**Activity**. Every picture should be left out, but the lines below must be repeated exactly.

**Pictures with short captions**.
******
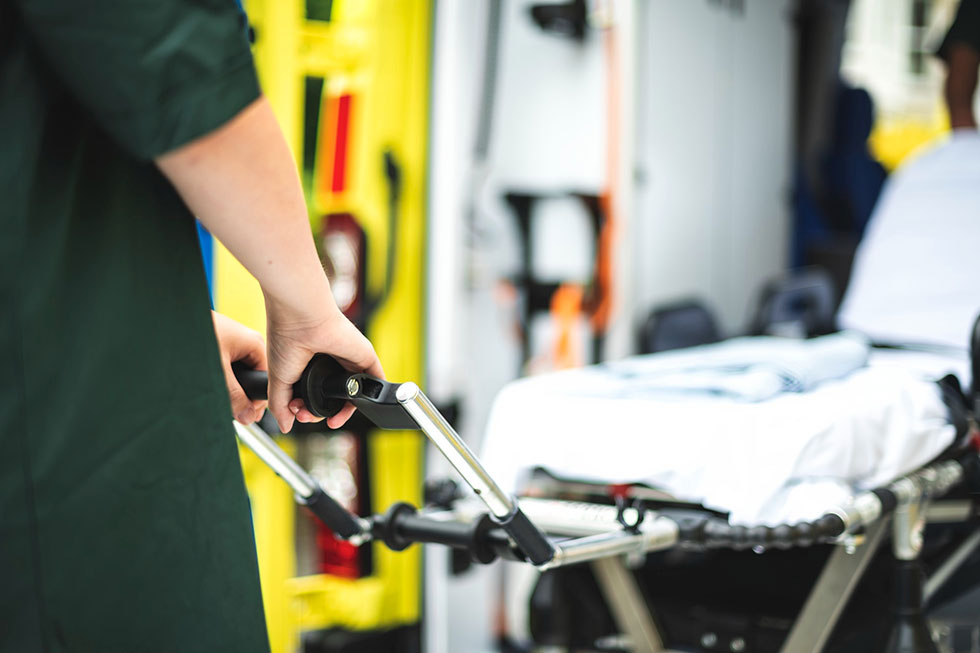 Paramedic pushing stretcher into an ambulance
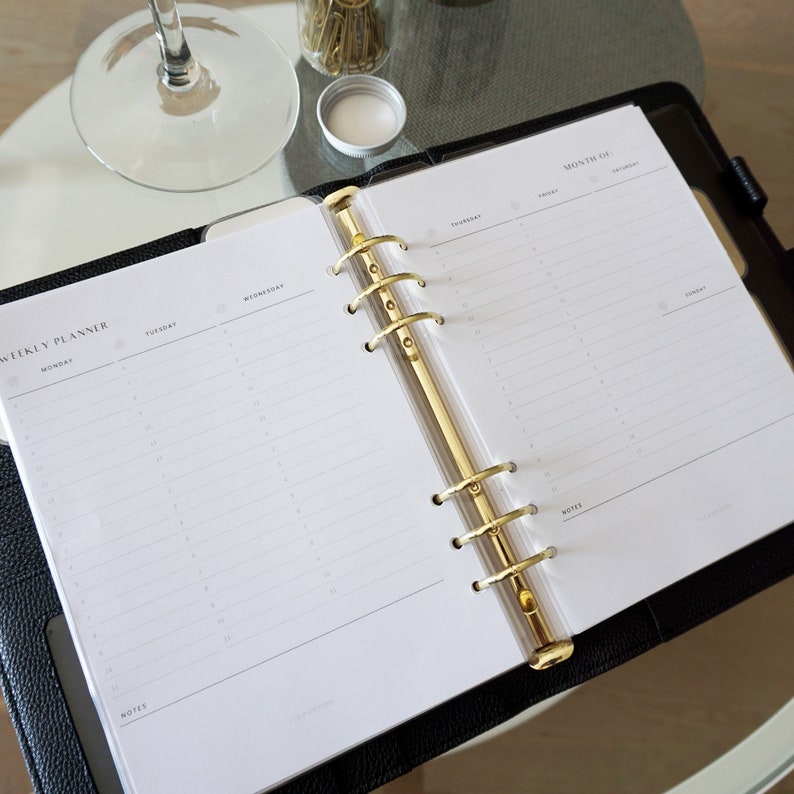 May include: Open weekly planner with gold-colored rings and a black leather cover. The planner is open to a weekly spread with sections for each day of the week. A glass of wine and a jar of gold paper clips are in the background.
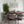 A modern dining room setup featuring an oval wooden dining table surrounded by six upholstered chairs with dark wood frames, set on a distressed gray patterned rug. A large green potted plant stands on the left, and two framed abstract prints hang on the white wall above.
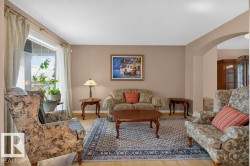 Bright living area featuring wood-finish flooring - 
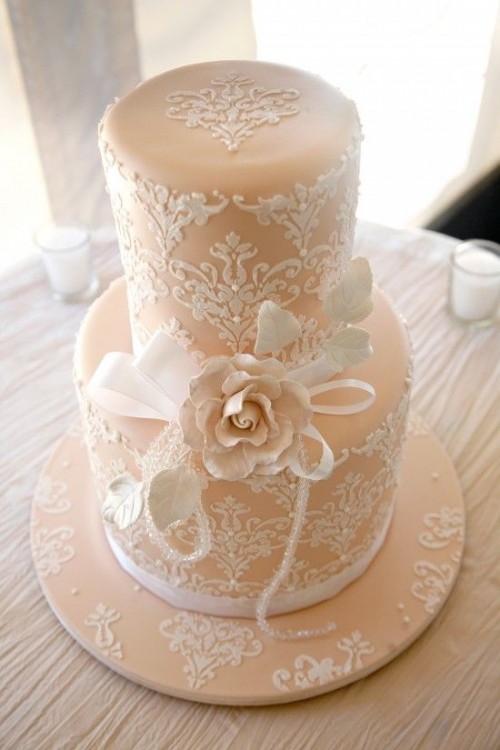 a vintage tan wedding cake with white lace detailing and some bows plus a large sugar bloom is an elegant vintage idea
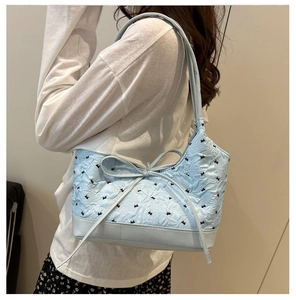 Dettaglio borsa a spalla in jacquard azzurro con fiocco e tessuto testurizzato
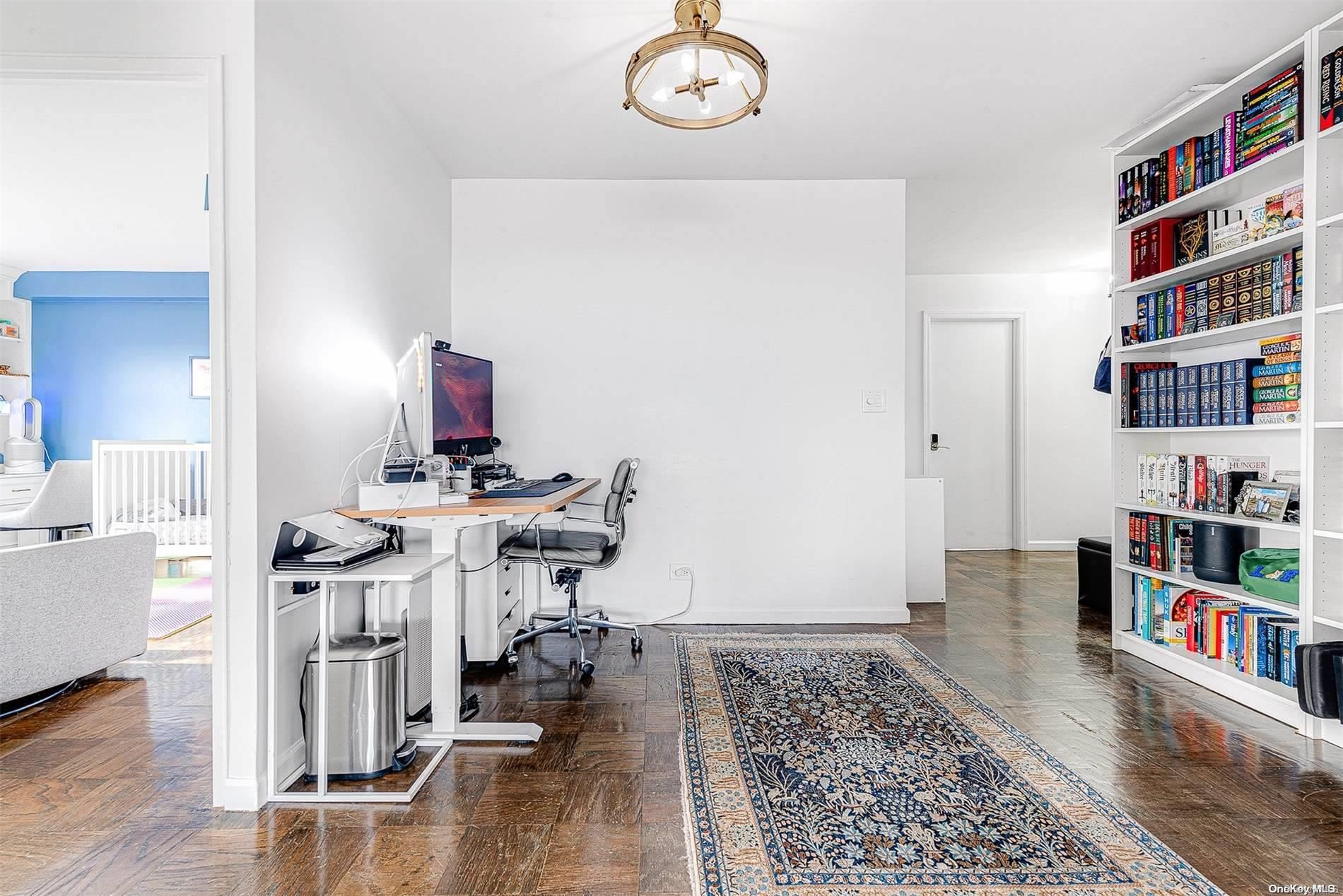 110-11 Queens Boulevard, Unit 20K Queens, NY 11375 - Photo 6 of 35 a view of a workspace with furniture and wooden floor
******
**The answer**.
 Paramedic pushing stretcher into an ambulance
 May include: Open weekly planner with gold-colored rings and a black leather cover. The planner is open to a weekly spread with sections for each day of the week. A glass of wine and a jar of gold paper clips are in the background.
 A modern dining room setup featuring an oval wooden dining table surrounded by six upholstered chairs with dark wood frames, set on a distressed gray patterned rug. A large green potted plant stands on the left, and two framed abstract prints hang on the white wall above.
 Bright living area featuring wood-finish flooring - 
 a vintage tan wedding cake with white lace detailing and some bows plus a large sugar bloom is an elegant vintage idea
 Dettaglio borsa a spalla in jacquard azzurro con fiocco e tessuto testurizzato
 110-11 Queens Boulevard, Unit 20K Queens, NY 11375 - Photo 6 of 35 a view of a workspace with furniture and wooden floor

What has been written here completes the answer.